L’entretien terminé et le souper fini, une vague inquiétude traversa l’esprit de Jean de Werth ; il craignait que sa nouvelle recrue ne fût plus en état de se lever après l’effroyable quantité qu’elle avait absorbée. Quelle ne fut sa surprise de voir le capucin sauter sur ses pieds avec la dextérité d’un chat, quand la dernière tranche de jambon eut suivi le dernier verre dans les profondeurs de son estomac ! Mathéus Orlscopp ne paraissait pas plus gros que s’il eût vécu d’une croûte de pain dur et d’une goutte d’eau. Maigre il était, maigre il restait.

— De l’or, à présent ! dit-il d’une voix sonore.

Jean vida sa ceinture sur la table.

— Prenez ce qu’il vous faut, dit-il.

— Je prends tout, répondit Mathéus, qui fit disparaître les pièces d’or dans ses poches. Voilà qui fermera les yeux et ouvrira les oreilles de maître Innocent.

— Ah ! il s’appelle Innocent, l’hôtelier que tu connais ?

— Oui, et jamais petit nom ne fut mieux porté. Il ne fait jamais rien que pour rendre service au prochain.
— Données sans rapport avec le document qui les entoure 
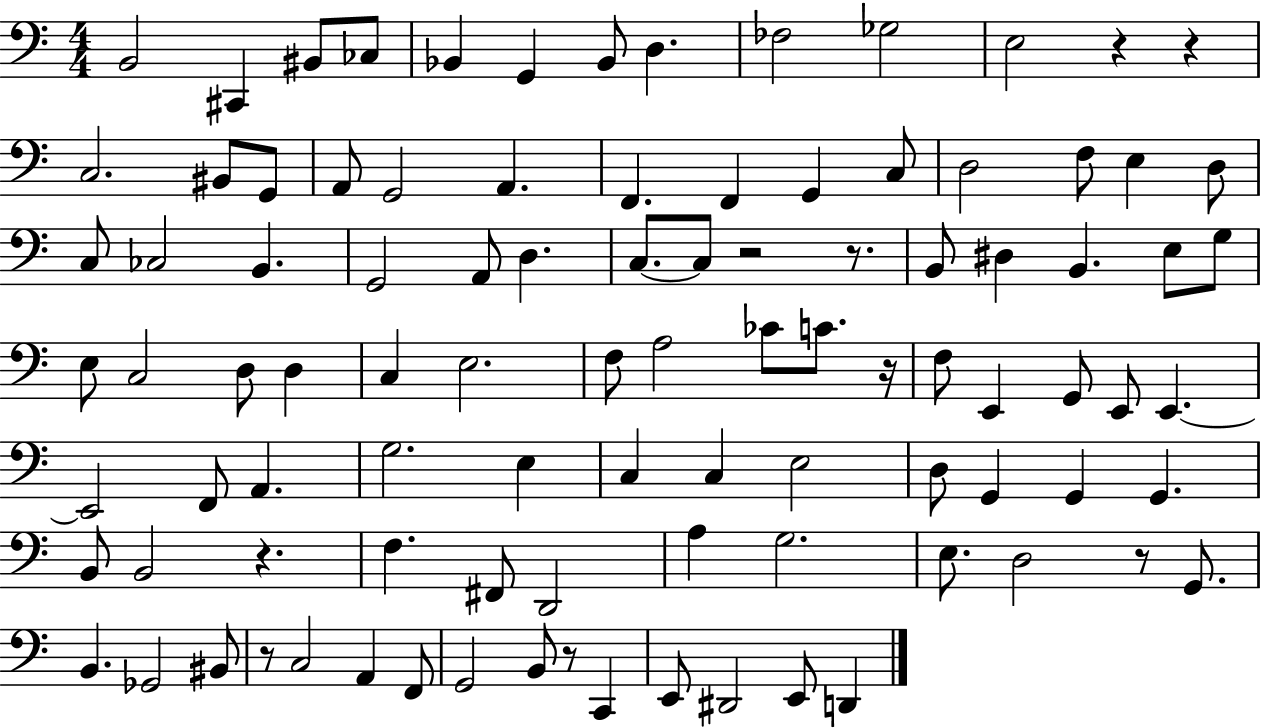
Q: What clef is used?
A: bass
Mathéus enjambait déjà la porte, lorsque Jean de Werth le saisit par le bras. — Qui me répond de ta fidélité ? dit-il.

— Ceci, répliqua le capucin en posant le doigt sur la cicatrice faite par le poignard de Renaud, et la confession que je vous ai contée. Une petite moitié suffirait pour faire pendre un honnête homme.
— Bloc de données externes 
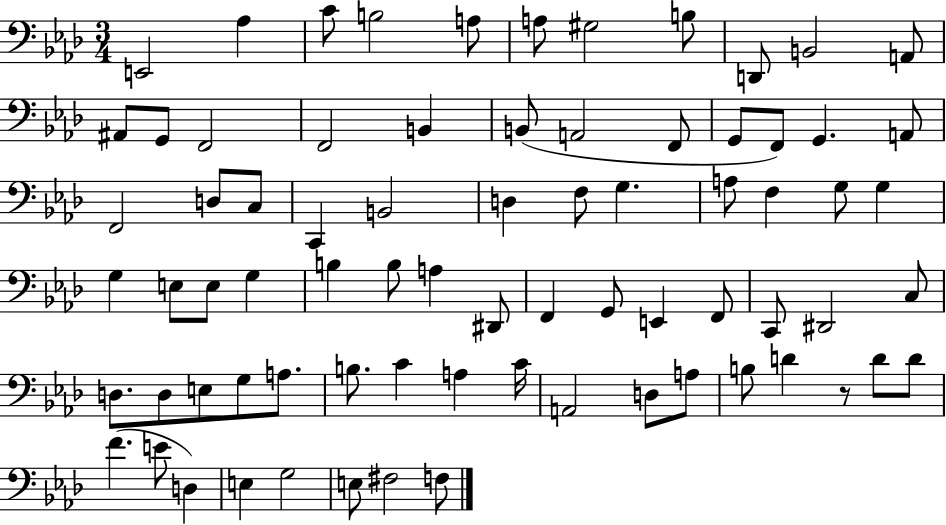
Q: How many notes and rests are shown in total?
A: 75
— File donc ! s’écria le Bavarois.

Une heure après, un cavalier bien monté, et suivi de deux valets qui se tenaient respectueusement à distance, sortait de Magdebourg. C’était Mathéus Orlscopp, qui voyageait en gentilhomme.

En passant devant la maison du comte de Pappenheim, il aperçut à l’étage supérieur une lumière qui brillait, et il entendit vibrer dans la nuit les accents purs et mélodieux d’une voix qui chantait un psaume de David.

Ce n’était pas la première fois que cette voix éclatante frappait son oreille ; elle lui rappelait l’auberge de la « Croix de Malte », dans le bourg de Bergheim. L’ombre élégante de deux cavaliers se dessinait sur la vitre étincelante.

— Chantez ! murmura Mathéus. Nous verrons bien si vous chanterez toujours !

Et il s’enfonça dans les ténèbres.

Armand-Louis et Renaud ne pouvaient s’arracher d’auprès de Mlle de Souvigny et de Mlle de Pardaillan : au regret amer de les quitter s’ajoutait la mortelle angoisse de les laisser aux mains de celui qui avait été le rival de l’un d’eux et qui était encore leur ennemi. Si loyal qu’on le supposât, elles n’en étaient pas moins captives, et quel espoir avait-on de les délivrer jamais ? Renaud tordait ses moustaches, et de sourdes exclamations de colère s’échappaient de ses lèvres ; Armand-Louis marchait à grands pas, ou, muet et pâle de désespoir, il regardait le ciel.

— Vaincus ! répétait incessamment Renaud.

— Et toutes deux prisonnières ! reprenait Armand-Louis. Il y avait des heures où les plus folles résolutions leur traversaient l’esprit. Ils ne reculaient alors devant l’exécution que dans la crainte de compromettre davantage leurs compagnes. Seules, Adrienne et Diane se montraient plus fidèles à l’espérance.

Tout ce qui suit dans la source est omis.